● **Supplied data**
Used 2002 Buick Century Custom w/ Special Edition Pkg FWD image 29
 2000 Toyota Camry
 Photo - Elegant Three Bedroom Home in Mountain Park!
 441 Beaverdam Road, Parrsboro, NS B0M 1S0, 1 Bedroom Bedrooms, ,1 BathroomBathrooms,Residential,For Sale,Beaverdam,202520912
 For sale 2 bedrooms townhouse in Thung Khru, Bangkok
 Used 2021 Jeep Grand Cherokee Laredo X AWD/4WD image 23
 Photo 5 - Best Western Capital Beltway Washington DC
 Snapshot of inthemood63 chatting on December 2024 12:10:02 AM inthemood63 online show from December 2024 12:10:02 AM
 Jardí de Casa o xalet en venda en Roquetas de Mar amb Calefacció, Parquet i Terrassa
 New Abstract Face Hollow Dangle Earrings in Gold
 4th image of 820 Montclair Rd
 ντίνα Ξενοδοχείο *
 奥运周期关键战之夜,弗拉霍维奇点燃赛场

● **Prompt**
Every record above is to be copied out again exactly as written.

● **Exercise solution**
Used 2002 Buick Century Custom w/ Special Edition Pkg FWD image 29
 2000 Toyota Camry
 Photo - Elegant Three Bedroom Home in Mountain Park!
 441 Beaverdam Road, Parrsboro, NS B0M 1S0, 1 Bedroom Bedrooms, ,1 BathroomBathrooms,Residential,For Sale,Beaverdam,202520912
 For sale 2 bedrooms townhouse in Thung Khru, Bangkok
 Used 2021 Jeep Grand Cherokee Laredo X AWD/4WD image 23
 Photo 5 - Best Western Capital Beltway Washington DC
 Snapshot of inthemood63 chatting on December 2024 12:10:02 AM inthemood63 online show from December 2024 12:10:02 AM
 Jardí de Casa o xalet en venda en Roquetas de Mar amb Calefacció, Parquet i Terrassa
 New Abstract Face Hollow Dangle Earrings in Gold
 4th image of 820 Montclair Rd
 ντίνα Ξενοδοχείο *
 奥运周期关键战之夜,弗拉霍维奇点燃赛场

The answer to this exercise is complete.